Directions for this task ▸ In the records that follow, show each line where the word "watch" is present.

═══ Exercise inputs

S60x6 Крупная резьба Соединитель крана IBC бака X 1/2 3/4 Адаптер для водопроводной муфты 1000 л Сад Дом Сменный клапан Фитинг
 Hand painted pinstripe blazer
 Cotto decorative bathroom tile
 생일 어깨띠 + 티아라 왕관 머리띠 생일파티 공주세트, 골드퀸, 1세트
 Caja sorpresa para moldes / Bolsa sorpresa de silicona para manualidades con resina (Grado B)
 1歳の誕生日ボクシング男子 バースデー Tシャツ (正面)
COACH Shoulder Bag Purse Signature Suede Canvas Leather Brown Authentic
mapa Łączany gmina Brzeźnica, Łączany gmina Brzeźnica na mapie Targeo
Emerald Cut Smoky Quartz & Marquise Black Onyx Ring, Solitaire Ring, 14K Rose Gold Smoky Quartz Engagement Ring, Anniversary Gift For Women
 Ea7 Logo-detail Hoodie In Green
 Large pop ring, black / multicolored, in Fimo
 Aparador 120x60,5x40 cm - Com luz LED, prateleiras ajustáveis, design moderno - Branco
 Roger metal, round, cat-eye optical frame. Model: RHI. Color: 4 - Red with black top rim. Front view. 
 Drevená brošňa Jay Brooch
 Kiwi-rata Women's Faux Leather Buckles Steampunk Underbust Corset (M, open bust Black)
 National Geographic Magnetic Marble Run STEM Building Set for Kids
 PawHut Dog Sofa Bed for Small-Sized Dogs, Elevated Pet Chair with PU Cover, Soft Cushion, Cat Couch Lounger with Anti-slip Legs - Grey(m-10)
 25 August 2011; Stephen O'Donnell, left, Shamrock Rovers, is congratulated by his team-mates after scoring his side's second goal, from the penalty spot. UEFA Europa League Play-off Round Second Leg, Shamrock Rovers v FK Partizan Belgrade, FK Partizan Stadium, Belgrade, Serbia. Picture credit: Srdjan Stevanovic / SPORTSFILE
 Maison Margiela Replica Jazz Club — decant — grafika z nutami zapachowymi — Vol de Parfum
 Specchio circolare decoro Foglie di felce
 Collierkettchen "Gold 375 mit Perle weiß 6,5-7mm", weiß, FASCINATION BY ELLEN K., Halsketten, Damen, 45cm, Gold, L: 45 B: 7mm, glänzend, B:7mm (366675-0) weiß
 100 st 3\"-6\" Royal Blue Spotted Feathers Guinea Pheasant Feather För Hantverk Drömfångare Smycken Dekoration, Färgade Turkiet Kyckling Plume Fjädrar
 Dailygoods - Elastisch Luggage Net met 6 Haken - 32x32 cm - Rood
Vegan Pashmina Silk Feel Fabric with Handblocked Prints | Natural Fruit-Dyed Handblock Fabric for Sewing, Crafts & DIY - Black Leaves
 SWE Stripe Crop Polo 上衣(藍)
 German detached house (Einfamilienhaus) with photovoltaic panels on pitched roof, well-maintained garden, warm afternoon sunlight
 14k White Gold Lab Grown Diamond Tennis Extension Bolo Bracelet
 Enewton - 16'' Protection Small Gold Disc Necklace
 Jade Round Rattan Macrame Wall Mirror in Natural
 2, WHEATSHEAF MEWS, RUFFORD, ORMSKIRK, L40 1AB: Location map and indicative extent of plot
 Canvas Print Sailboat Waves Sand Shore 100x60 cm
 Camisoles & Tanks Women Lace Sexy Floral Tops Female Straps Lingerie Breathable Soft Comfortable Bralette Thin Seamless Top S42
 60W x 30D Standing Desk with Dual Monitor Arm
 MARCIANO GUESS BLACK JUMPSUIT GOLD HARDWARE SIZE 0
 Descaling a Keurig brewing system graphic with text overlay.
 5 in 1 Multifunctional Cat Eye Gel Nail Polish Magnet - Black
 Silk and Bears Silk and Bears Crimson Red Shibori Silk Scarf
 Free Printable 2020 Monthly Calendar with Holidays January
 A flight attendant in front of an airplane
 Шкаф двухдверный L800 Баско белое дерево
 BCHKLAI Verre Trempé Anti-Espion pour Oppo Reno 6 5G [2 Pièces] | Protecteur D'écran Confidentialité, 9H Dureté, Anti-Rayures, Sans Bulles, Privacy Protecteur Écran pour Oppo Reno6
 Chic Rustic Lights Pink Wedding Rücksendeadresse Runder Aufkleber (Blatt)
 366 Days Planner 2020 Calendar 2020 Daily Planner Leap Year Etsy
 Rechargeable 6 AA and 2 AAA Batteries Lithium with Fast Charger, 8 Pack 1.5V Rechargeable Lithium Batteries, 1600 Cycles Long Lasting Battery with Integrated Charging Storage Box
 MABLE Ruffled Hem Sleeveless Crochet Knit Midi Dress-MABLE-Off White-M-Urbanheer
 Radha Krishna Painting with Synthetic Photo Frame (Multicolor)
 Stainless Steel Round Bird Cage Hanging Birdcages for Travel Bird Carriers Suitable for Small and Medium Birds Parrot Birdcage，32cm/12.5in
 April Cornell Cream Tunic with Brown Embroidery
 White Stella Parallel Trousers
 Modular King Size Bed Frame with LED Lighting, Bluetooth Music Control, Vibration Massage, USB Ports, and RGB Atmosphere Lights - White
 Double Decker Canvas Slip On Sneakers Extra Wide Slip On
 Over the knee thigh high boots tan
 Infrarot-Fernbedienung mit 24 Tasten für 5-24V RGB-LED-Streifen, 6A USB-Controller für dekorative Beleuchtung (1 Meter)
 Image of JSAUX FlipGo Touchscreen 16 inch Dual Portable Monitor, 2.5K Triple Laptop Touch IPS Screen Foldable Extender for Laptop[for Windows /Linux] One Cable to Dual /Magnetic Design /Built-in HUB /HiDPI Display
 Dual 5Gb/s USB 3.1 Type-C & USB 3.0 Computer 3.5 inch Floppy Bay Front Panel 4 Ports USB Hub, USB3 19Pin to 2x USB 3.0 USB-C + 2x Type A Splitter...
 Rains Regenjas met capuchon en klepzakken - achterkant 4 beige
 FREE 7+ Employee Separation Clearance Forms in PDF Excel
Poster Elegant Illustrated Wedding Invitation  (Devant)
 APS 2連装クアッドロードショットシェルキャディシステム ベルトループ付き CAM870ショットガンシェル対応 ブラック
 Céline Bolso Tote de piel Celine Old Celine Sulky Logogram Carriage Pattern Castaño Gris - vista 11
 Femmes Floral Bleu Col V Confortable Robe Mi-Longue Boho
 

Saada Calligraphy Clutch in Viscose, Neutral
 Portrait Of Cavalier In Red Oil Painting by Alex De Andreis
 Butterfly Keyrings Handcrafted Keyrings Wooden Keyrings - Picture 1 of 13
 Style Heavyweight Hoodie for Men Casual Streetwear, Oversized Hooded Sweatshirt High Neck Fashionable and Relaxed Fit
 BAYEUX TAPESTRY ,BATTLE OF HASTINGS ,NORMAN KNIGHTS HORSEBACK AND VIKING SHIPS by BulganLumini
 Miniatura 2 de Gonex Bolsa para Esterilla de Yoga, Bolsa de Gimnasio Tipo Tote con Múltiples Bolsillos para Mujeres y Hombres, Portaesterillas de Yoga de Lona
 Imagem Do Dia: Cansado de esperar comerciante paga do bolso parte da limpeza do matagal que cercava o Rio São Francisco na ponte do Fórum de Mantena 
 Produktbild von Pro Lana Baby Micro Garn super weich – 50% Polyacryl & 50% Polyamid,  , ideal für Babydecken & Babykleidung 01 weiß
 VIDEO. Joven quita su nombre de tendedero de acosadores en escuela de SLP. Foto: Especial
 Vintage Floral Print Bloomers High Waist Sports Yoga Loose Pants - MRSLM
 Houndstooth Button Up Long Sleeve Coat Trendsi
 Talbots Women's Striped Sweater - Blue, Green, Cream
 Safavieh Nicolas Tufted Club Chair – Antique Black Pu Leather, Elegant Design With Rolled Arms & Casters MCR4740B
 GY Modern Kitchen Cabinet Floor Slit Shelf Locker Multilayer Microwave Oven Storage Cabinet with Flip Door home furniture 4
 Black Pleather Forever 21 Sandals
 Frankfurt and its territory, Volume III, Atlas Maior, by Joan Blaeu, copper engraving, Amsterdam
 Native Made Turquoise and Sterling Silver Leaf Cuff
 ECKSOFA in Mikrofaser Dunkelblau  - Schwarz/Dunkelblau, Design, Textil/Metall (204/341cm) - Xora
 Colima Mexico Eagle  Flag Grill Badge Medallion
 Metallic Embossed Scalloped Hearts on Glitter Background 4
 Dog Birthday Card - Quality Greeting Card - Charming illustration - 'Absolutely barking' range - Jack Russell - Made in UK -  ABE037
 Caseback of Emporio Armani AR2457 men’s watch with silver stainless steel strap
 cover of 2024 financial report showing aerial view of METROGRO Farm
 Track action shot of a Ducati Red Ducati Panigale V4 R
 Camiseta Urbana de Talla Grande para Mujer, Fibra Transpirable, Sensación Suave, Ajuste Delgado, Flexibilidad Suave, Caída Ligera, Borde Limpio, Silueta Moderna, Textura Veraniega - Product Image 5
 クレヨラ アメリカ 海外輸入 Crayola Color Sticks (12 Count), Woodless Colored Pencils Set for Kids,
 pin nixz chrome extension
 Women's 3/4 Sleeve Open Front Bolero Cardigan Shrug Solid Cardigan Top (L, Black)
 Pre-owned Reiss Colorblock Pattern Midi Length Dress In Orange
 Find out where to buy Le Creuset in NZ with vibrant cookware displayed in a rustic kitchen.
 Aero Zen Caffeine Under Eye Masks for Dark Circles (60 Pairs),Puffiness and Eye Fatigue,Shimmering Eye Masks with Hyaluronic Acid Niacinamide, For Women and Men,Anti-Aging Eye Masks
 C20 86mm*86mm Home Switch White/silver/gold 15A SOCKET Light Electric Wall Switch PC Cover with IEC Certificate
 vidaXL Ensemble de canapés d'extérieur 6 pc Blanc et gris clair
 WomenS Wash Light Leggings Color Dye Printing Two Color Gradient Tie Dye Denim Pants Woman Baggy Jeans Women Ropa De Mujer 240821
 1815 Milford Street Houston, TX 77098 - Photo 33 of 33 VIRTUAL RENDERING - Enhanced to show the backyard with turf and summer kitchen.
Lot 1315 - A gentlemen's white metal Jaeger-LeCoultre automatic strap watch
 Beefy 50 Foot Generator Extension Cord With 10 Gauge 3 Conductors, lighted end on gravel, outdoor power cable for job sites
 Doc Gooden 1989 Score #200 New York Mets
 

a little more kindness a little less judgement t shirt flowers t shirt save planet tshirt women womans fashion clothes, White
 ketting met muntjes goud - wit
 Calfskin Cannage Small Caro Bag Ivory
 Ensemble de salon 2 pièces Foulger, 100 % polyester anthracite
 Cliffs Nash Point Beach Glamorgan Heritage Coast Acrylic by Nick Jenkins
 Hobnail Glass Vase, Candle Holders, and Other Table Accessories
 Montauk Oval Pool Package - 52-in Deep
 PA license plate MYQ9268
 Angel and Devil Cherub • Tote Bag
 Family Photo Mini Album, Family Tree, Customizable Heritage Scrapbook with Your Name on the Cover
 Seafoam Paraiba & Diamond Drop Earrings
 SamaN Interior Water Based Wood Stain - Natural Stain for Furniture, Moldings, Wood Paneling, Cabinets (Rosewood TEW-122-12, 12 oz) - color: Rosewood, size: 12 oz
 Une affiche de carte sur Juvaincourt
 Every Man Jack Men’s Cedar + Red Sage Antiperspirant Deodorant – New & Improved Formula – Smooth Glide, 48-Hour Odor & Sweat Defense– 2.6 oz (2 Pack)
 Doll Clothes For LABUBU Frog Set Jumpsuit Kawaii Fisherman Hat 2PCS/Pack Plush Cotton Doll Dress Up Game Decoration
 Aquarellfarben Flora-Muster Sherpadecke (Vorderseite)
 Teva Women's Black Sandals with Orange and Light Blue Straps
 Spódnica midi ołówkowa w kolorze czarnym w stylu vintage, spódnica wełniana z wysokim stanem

══════

Answer box ▸
 Caseback of Emporio Armani AR2457 men’s watch with silver stainless steel strap
Lot 1315 - A gentlemen's white metal Jaeger-LeCoultre automatic strap watch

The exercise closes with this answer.